EXERCISE PROMPT »
Please return the material exactly; leave no entry out.

PROVIDED RECORDS »
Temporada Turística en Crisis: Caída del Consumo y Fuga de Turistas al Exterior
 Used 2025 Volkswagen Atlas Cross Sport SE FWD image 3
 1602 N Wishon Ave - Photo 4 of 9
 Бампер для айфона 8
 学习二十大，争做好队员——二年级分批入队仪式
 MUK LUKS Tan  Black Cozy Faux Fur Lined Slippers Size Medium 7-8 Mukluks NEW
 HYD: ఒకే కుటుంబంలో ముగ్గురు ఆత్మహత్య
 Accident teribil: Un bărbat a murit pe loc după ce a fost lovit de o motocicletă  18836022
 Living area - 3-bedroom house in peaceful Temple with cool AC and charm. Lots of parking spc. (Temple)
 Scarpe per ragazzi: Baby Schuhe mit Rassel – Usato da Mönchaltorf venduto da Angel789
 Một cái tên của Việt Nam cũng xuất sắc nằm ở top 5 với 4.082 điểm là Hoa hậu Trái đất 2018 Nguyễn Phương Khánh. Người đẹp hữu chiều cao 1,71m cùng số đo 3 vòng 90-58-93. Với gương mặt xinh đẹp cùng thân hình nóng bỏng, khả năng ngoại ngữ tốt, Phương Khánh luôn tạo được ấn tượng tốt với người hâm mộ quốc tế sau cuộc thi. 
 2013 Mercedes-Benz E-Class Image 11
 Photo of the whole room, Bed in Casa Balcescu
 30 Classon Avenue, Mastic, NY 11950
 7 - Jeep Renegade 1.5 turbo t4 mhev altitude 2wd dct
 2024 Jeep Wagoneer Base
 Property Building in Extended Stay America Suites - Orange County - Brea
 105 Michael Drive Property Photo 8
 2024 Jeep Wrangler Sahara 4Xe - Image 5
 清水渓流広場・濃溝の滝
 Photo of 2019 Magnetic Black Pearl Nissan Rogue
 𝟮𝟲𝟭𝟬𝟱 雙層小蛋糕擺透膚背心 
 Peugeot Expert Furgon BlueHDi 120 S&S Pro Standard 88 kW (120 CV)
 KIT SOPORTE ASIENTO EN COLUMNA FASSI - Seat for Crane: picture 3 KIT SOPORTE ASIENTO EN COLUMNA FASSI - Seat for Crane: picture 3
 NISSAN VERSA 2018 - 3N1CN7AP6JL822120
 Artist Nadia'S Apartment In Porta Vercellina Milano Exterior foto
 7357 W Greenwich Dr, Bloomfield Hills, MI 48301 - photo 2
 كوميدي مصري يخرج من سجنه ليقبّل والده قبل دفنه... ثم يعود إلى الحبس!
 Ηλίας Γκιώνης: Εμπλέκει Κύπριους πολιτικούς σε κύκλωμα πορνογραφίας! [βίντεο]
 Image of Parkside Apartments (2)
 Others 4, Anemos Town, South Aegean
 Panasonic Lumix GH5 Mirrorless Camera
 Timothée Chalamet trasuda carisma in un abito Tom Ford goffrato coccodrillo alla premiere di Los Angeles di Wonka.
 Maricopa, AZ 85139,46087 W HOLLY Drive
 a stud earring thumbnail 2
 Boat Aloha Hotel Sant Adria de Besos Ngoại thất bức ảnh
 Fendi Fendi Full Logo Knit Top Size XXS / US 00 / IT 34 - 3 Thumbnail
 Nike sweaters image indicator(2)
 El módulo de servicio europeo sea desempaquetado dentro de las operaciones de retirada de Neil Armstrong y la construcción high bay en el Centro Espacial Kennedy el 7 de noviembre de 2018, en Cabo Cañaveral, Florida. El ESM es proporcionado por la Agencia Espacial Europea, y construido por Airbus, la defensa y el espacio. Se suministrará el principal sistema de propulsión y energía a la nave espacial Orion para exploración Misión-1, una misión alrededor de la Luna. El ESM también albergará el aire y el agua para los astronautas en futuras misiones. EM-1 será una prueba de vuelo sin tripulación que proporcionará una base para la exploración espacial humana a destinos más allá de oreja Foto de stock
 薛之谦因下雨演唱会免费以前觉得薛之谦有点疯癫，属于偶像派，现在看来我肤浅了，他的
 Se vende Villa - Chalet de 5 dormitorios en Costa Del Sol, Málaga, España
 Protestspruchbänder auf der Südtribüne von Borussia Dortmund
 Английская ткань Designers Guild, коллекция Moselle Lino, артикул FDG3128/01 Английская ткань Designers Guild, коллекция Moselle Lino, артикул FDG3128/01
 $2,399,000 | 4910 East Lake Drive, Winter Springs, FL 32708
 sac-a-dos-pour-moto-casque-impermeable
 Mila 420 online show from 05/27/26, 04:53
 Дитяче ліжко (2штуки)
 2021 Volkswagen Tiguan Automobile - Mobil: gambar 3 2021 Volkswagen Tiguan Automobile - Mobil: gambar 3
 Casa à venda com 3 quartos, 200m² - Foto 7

SOLUTION FOR THIS EXERCISE »
Temporada Turística en Crisis: Caída del Consumo y Fuga de Turistas al Exterior
 Used 2025 Volkswagen Atlas Cross Sport SE FWD image 3
 1602 N Wishon Ave - Photo 4 of 9
 Бампер для айфона 8
 学习二十大，争做好队员——二年级分批入队仪式
 MUK LUKS Tan  Black Cozy Faux Fur Lined Slippers Size Medium 7-8 Mukluks NEW
 HYD: ఒకే కుటుంబంలో ముగ్గురు ఆత్మహత్య
 Accident teribil: Un bărbat a murit pe loc după ce a fost lovit de o motocicletă  18836022
 Living area - 3-bedroom house in peaceful Temple with cool AC and charm. Lots of parking spc. (Temple)
 Scarpe per ragazzi: Baby Schuhe mit Rassel – Usato da Mönchaltorf venduto da Angel789
 Một cái tên của Việt Nam cũng xuất sắc nằm ở top 5 với 4.082 điểm là Hoa hậu Trái đất 2018 Nguyễn Phương Khánh. Người đẹp hữu chiều cao 1,71m cùng số đo 3 vòng 90-58-93. Với gương mặt xinh đẹp cùng thân hình nóng bỏng, khả năng ngoại ngữ tốt, Phương Khánh luôn tạo được ấn tượng tốt với người hâm mộ quốc tế sau cuộc thi. 
 2013 Mercedes-Benz E-Class Image 11
 Photo of the whole room, Bed in Casa Balcescu
 30 Classon Avenue, Mastic, NY 11950
 7 - Jeep Renegade 1.5 turbo t4 mhev altitude 2wd dct
 2024 Jeep Wagoneer Base
 Property Building in Extended Stay America Suites - Orange County - Brea
 105 Michael Drive Property Photo 8
 2024 Jeep Wrangler Sahara 4Xe - Image 5
 清水渓流広場・濃溝の滝
 Photo of 2019 Magnetic Black Pearl Nissan Rogue
 𝟮𝟲𝟭𝟬𝟱 雙層小蛋糕擺透膚背心 
 Peugeot Expert Furgon BlueHDi 120 S&S Pro Standard 88 kW (120 CV)
 KIT SOPORTE ASIENTO EN COLUMNA FASSI - Seat for Crane: picture 3 KIT SOPORTE ASIENTO EN COLUMNA FASSI - Seat for Crane: picture 3
 NISSAN VERSA 2018 - 3N1CN7AP6JL822120
 Artist Nadia'S Apartment In Porta Vercellina Milano Exterior foto
 7357 W Greenwich Dr, Bloomfield Hills, MI 48301 - photo 2
 كوميدي مصري يخرج من سجنه ليقبّل والده قبل دفنه... ثم يعود إلى الحبس!
 Ηλίας Γκιώνης: Εμπλέκει Κύπριους πολιτικούς σε κύκλωμα πορνογραφίας! [βίντεο]
 Image of Parkside Apartments (2)
 Others 4, Anemos Town, South Aegean
 Panasonic Lumix GH5 Mirrorless Camera
 Timothée Chalamet trasuda carisma in un abito Tom Ford goffrato coccodrillo alla premiere di Los Angeles di Wonka.
 Maricopa, AZ 85139,46087 W HOLLY Drive
 a stud earring thumbnail 2
 Boat Aloha Hotel Sant Adria de Besos Ngoại thất bức ảnh
 Fendi Fendi Full Logo Knit Top Size XXS / US 00 / IT 34 - 3 Thumbnail
 Nike sweaters image indicator(2)
 El módulo de servicio europeo sea desempaquetado dentro de las operaciones de retirada de Neil Armstrong y la construcción high bay en el Centro Espacial Kennedy el 7 de noviembre de 2018, en Cabo Cañaveral, Florida. El ESM es proporcionado por la Agencia Espacial Europea, y construido por Airbus, la defensa y el espacio. Se suministrará el principal sistema de propulsión y energía a la nave espacial Orion para exploración Misión-1, una misión alrededor de la Luna. El ESM también albergará el aire y el agua para los astronautas en futuras misiones. EM-1 será una prueba de vuelo sin tripulación que proporcionará una base para la exploración espacial humana a destinos más allá de oreja Foto de stock
 薛之谦因下雨演唱会免费以前觉得薛之谦有点疯癫，属于偶像派，现在看来我肤浅了，他的
 Se vende Villa - Chalet de 5 dormitorios en Costa Del Sol, Málaga, España
 Protestspruchbänder auf der Südtribüne von Borussia Dortmund
 Английская ткань Designers Guild, коллекция Moselle Lino, артикул FDG3128/01 Английская ткань Designers Guild, коллекция Moselle Lino, артикул FDG3128/01
 $2,399,000 | 4910 East Lake Drive, Winter Springs, FL 32708
 sac-a-dos-pour-moto-casque-impermeable
 Mila 420 online show from 05/27/26, 04:53
 Дитяче ліжко (2штуки)
 2021 Volkswagen Tiguan Automobile - Mobil: gambar 3 2021 Volkswagen Tiguan Automobile - Mobil: gambar 3
 Casa à venda com 3 quartos, 200m² - Foto 7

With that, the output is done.